Numerical Cruncher
Clustering
ISODATA
ISODATA, an acronym for Iterative Self-Organizing Data
Analysis Techniques (the A being added to make the word
pronounceable), is an iterative clustering method.
As the sequential clustering algorithm, it requires
a substantial effort to get a proper setting of all
its parameters. Moreover, they can be changed in each
iteration of the algorithm.
Parameters
- K: Desired number of clusters.
- A: Initial number of clusters.
- n: Minimum number of patterns per cluster.
- s: Maximum standard deviation allowed in a cluster (used in cluster splitting).
- c: Distance required between clusters (used in cluster merging).
- L: Pairs of clusters that can be lumped per iteration.
- I: Maximum number of iterations allowed.
Algorithm
- Choose A cluster centers.
- For each one of the I algorithm iterations.
- Set algorithms parameters
- Assign patterns to their nearest clusters
- Discard clusters without enough members (n patterns)

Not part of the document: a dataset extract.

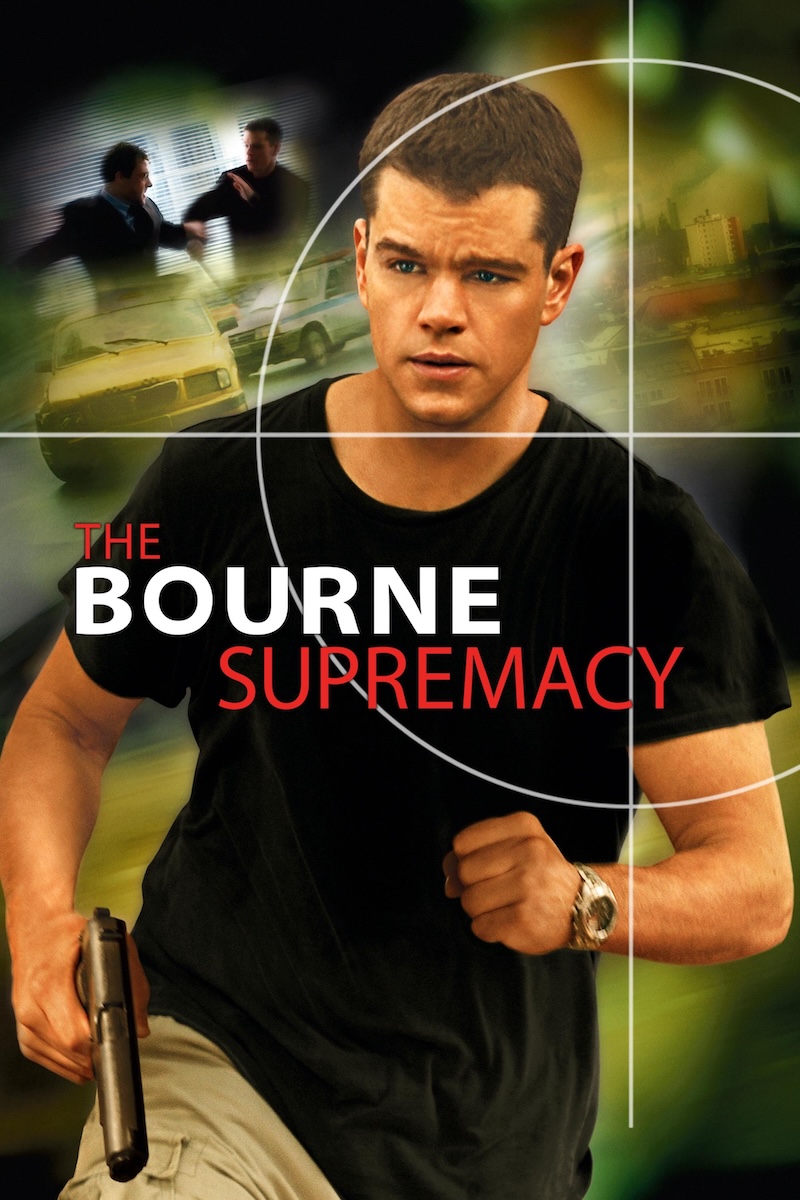 The Bourne Supremacy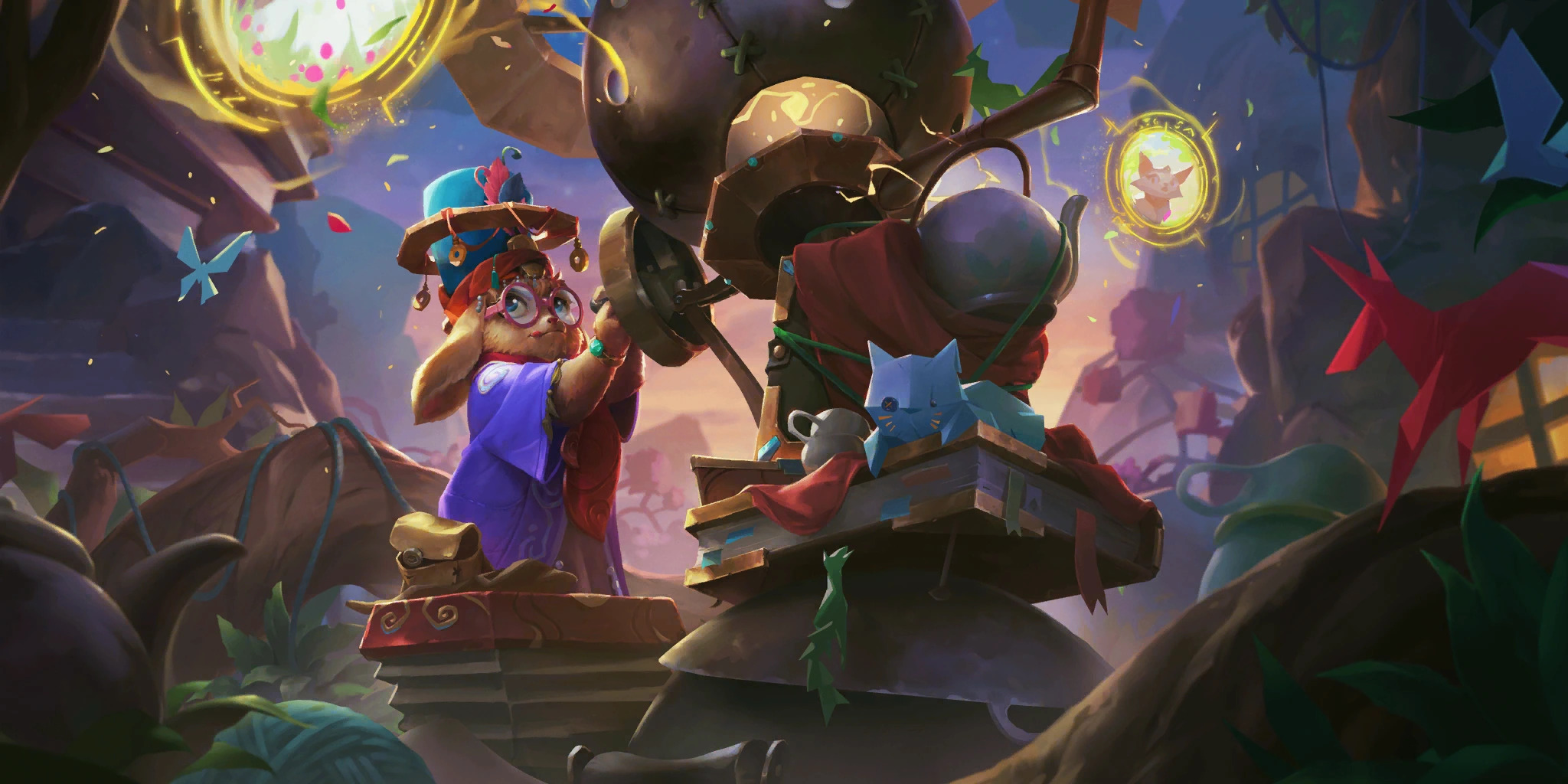 Legends of Runeterra Roadmap 2023 New Champions Guide Riot Games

- If there are only a few clusters (<=K/2),
split disperse clusters along their maximum dispersion component
(if it is greater that the maximum value s).
- In even iterations or when there are too many clusters (>2K),
combine L pairs of clusters at most
if the distance between them is smaller than the minimum distance
allowed c.
PS: A cluster dispersion is the average distance from
its patterns (i.e. the patterns assigned to the cluster) to its centroid.